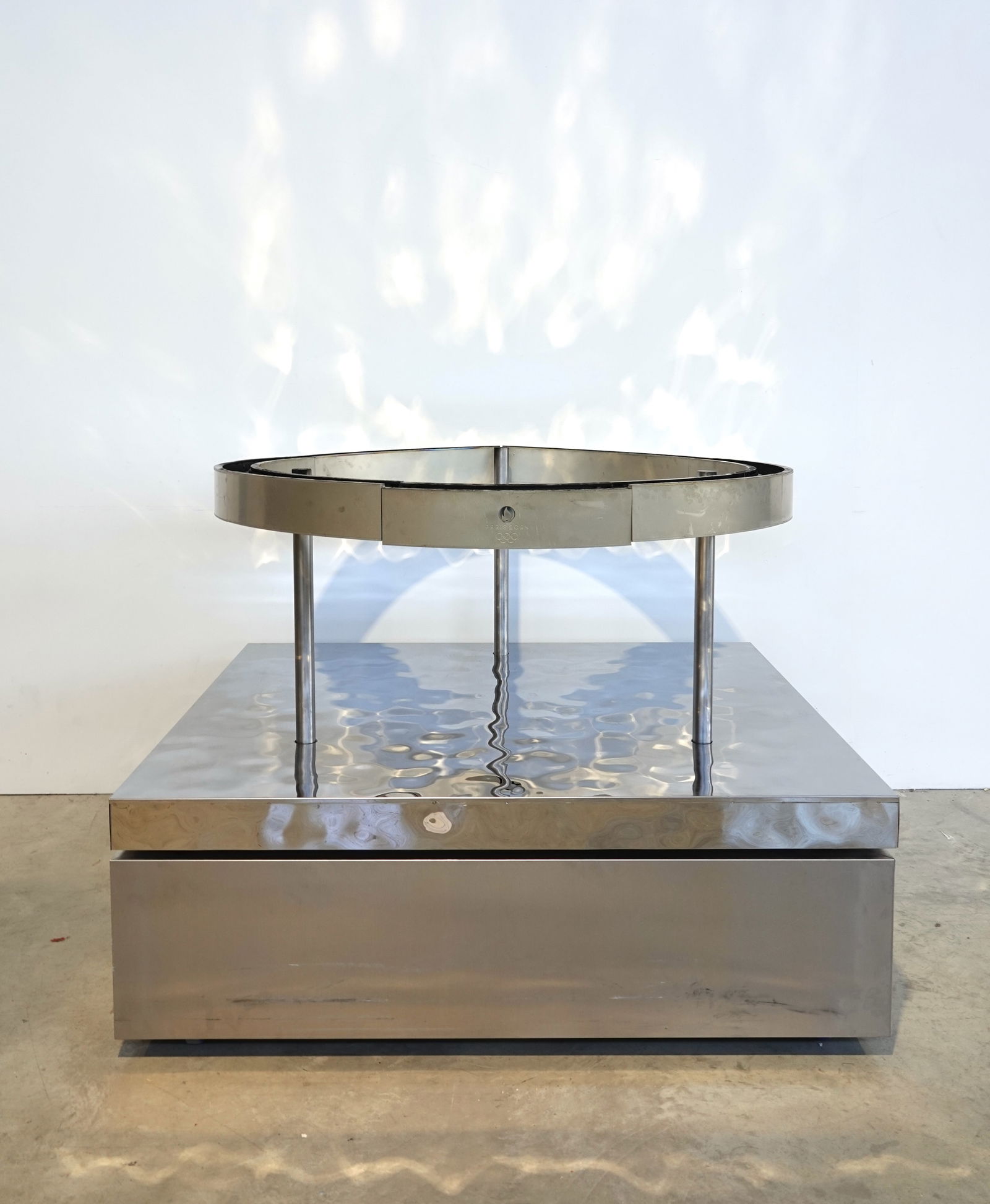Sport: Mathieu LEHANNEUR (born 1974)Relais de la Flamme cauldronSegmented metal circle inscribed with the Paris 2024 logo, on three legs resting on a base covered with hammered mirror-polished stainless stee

==

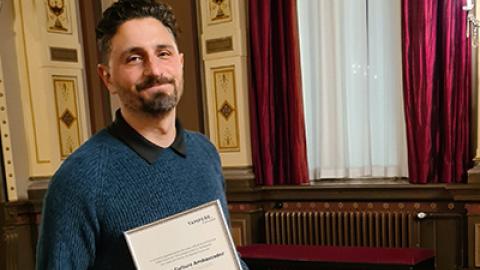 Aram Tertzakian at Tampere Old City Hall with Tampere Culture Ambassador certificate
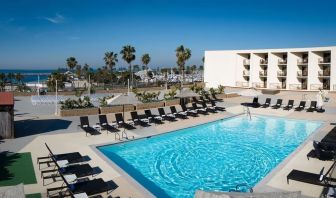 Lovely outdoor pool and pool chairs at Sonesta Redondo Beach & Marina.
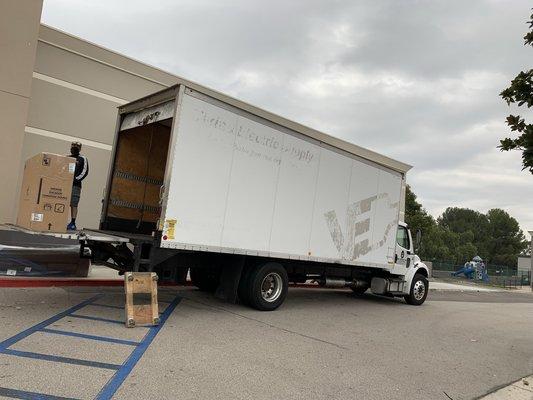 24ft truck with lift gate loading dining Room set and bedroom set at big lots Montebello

* * *

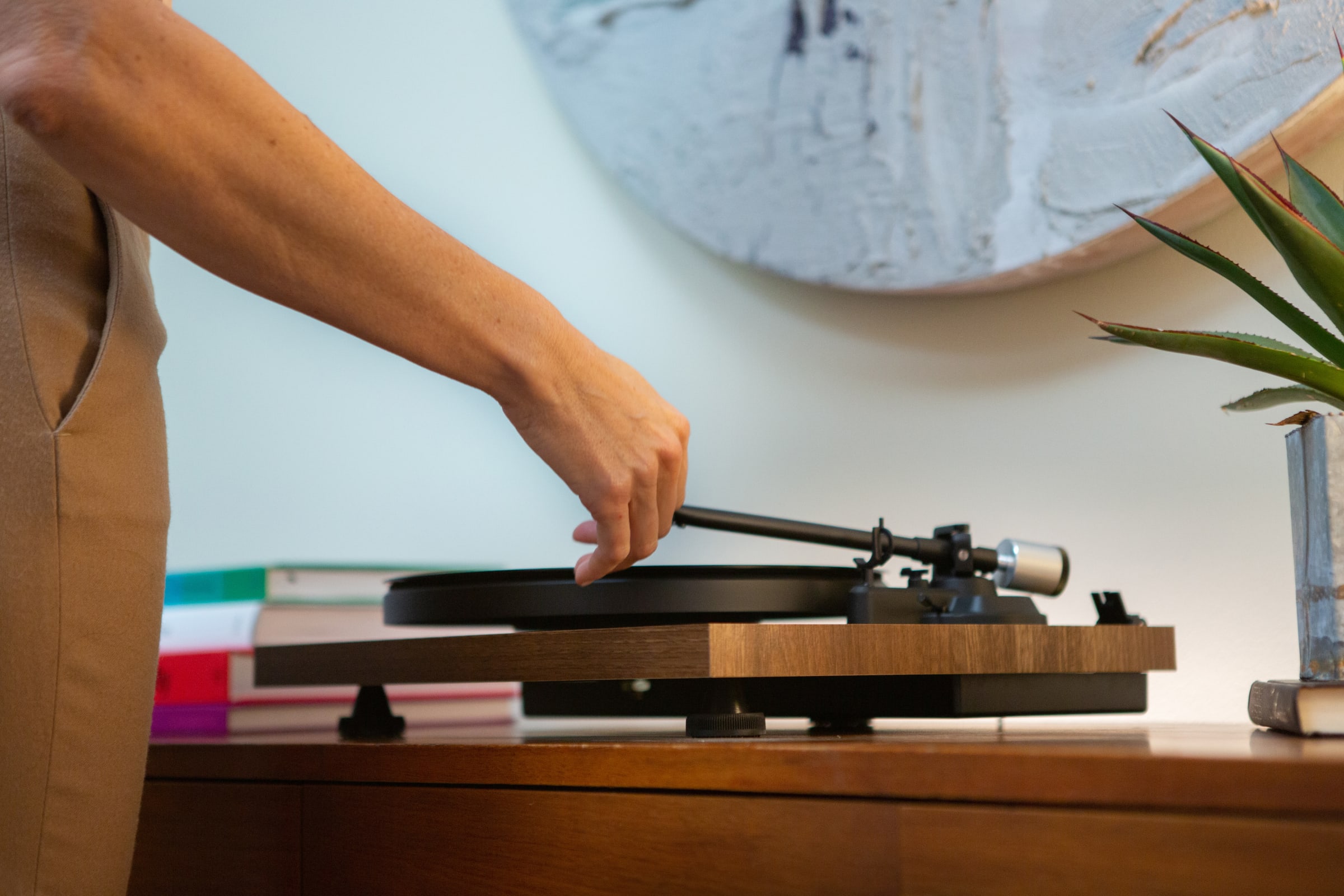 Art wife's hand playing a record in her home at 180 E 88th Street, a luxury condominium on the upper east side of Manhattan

WORK TO BE COMPLETED:
Your copy should hold the lines from the one with "Lovely outdoor pool" up to and including the one with "24ft truck with", exactly as in the data above, and no pictures.

WRITTEN REPLY:
 Lovely outdoor pool and pool chairs at Sonesta Redondo Beach & Marina.
 24ft truck with lift gate loading dining Room set and bedroom set at big lots Montebello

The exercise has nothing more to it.